Posted: Thursday December 02 2010, Blog Tags:
It’s an absolute disgrace that the Dept. of Education squandered the opportunity to invest in school infrastructure, while at the same time employing people in the construction industry. Mary Coughlan blames construction firms going out of business as one of the reasons why work was delayed. This is a joke. If her department operated properly, those tendering for the jobs would be able to show that they were in a financial viable position to carry out the work.
MORE than 600 potential building jobs were lost this year because of delays on primary school projects for a second year running.
Education Minister Mary Coughlan revealed she will not spend €62 million of her €378m allocation for large-scale projects in the primary sector.
This year’s budget included €72m under the same heading which her predecessor Batt O’Keeffe did not spend last year and was carried over.

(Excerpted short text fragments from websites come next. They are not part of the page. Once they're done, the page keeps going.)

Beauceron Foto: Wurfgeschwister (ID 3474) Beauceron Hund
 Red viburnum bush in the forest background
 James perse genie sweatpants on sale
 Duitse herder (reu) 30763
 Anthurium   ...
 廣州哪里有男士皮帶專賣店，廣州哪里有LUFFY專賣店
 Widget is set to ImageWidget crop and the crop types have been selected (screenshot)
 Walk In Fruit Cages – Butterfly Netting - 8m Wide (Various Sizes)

But because unspent capital funding can no longer be transferred from year to year, the leftover money will instead go to computers and technology for second-level schools (€20m in grants was announced last week) and €42m on equipment and safety improvements in third-level colleges.
However, with an estimate that every €1m of large-scale capital spending creates 10 jobs, opposition TDs criticised the minister for failing to use her budget as planned.

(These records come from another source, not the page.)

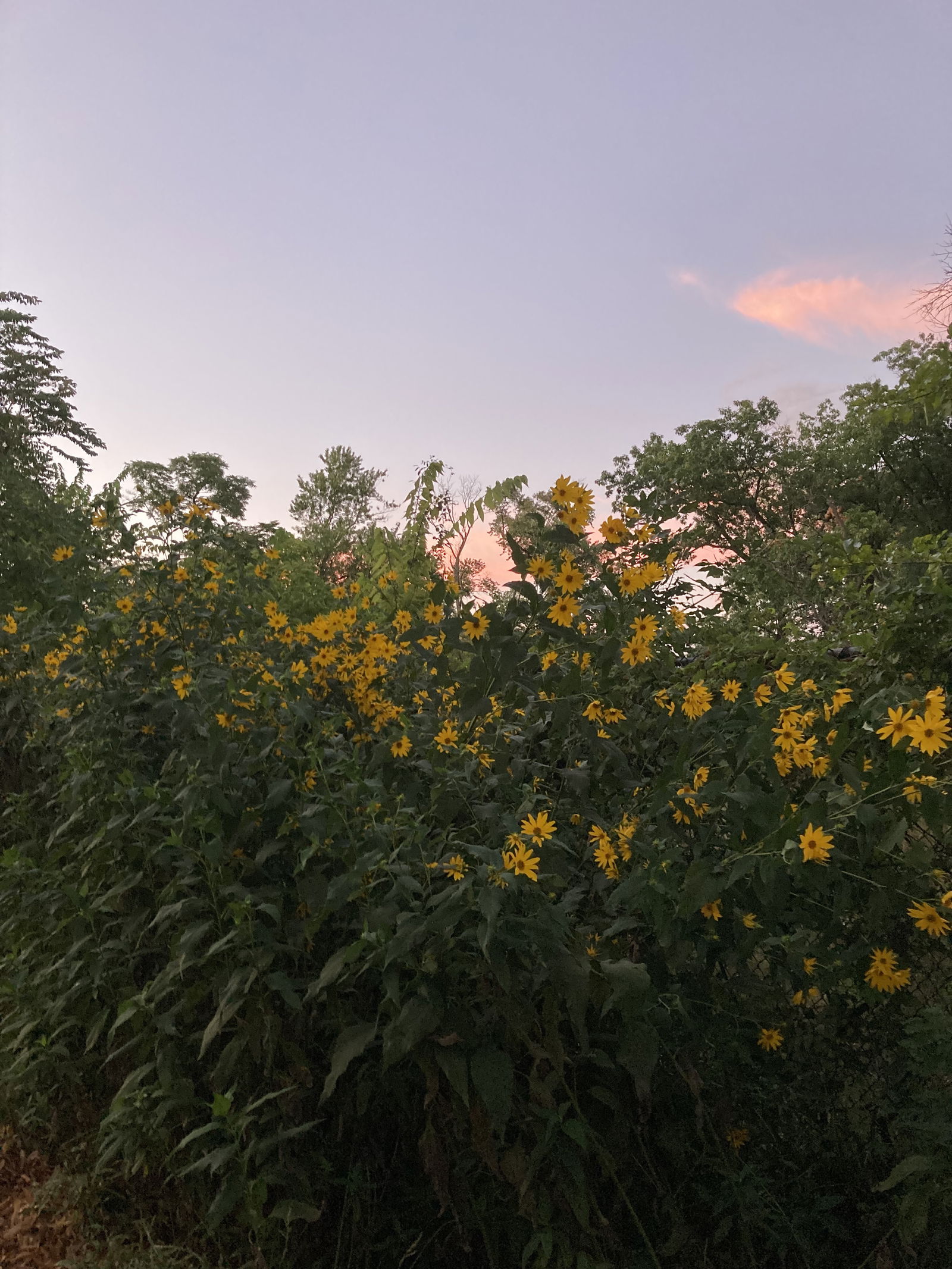 Baddie with a bong photo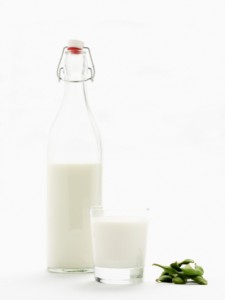 Dairy Substitute Soy Milk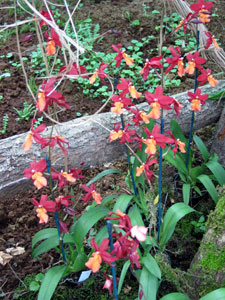 Burrageara sp. - Buragera Burrageara sp. - Buragera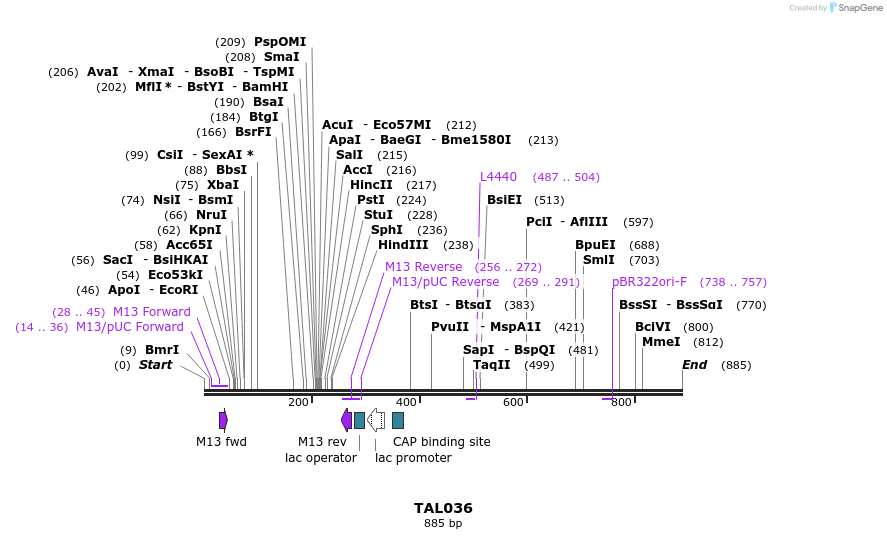 37809_map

"It’s an appalling situation if you can’t build schools in this environment when it’s 40% cheaper than during the boom period. It’s an absolute shambles," said Fine Gael education spokesperson Fergus O’Dowd after Ms Coughlan outlined the planned transfer to the Dáil Education Committee.

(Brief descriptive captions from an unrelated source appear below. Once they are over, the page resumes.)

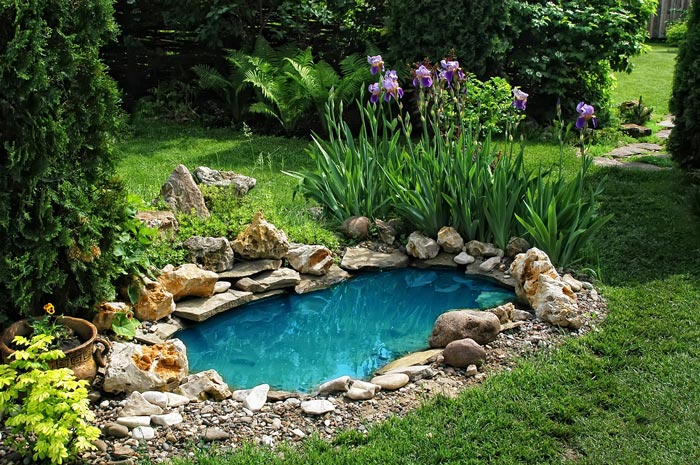 Декоративно езерце в градината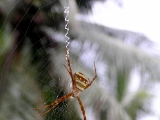 argiope_anasuja_002.jpg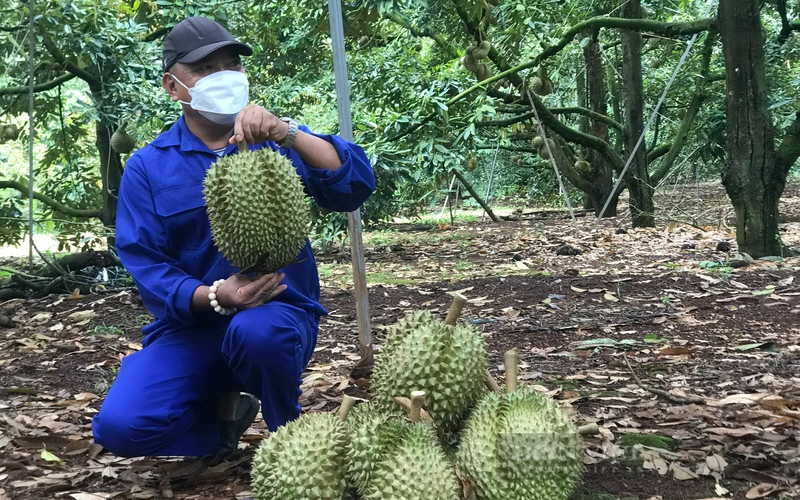 Kiểm soát chặt mã số vùng trồng, cơ sở đóng gói: Tránh gian lận, không để mất thị trường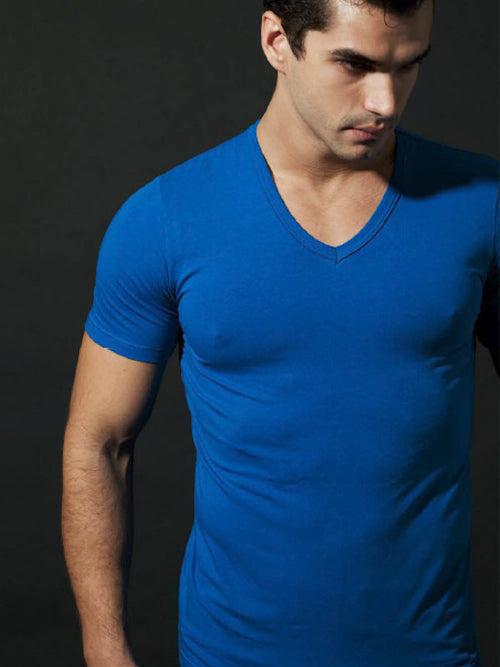 Blueberry Zing V-Neck Tee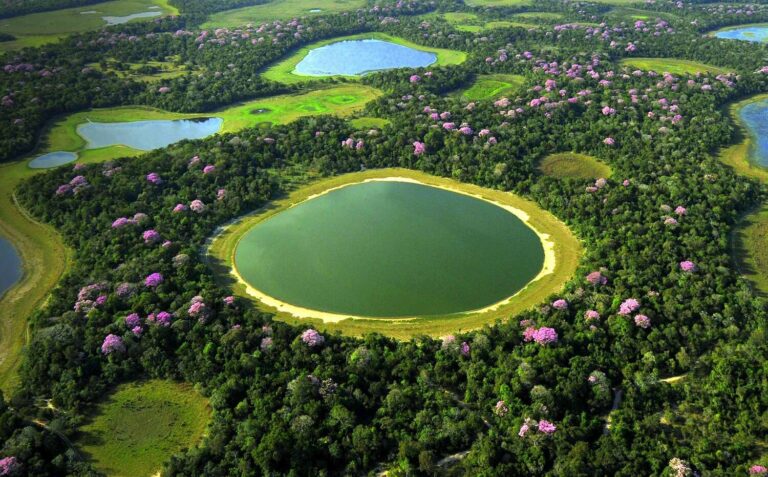 Wetlands of Pantanal Brazil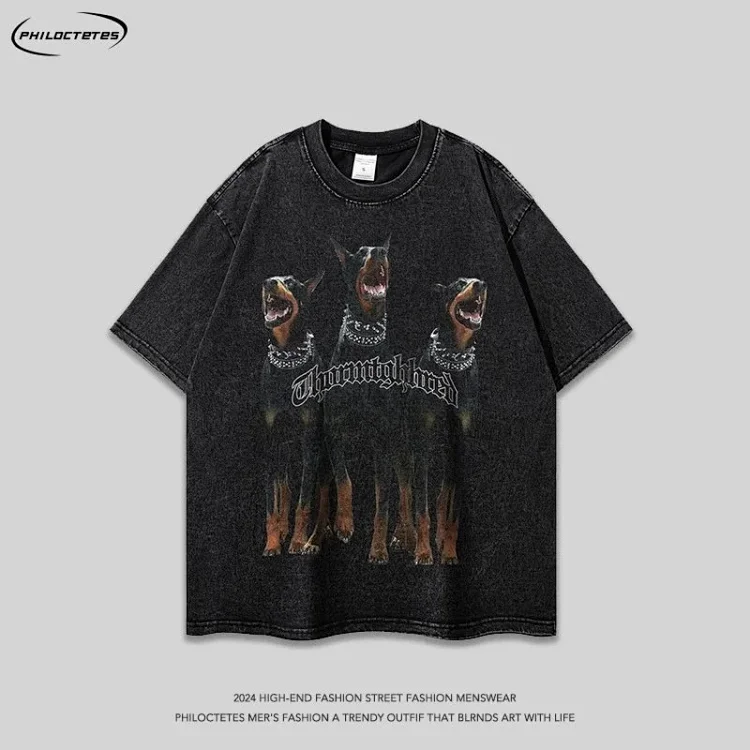 Doberman Pinscher Dog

Labour Party education spokesperson Ruairí Quinn questioned if the Department of Education building unit is capable of doing the work properly at a time when builders are clamouring for work.
Ms Coughlan said other factors, apart from cheaper tenders, were weather-related delays in the first three months of 2010, sanction for major projects being later than in other years, and contractors going out of business.
Her department will spend its full €200m allocation for second-level building works, and she pointed out that 39 large-scale schools projects have been finished this year. Another 65 are under construction or have been recently completed and 52 have advanced to the tender stage, she said.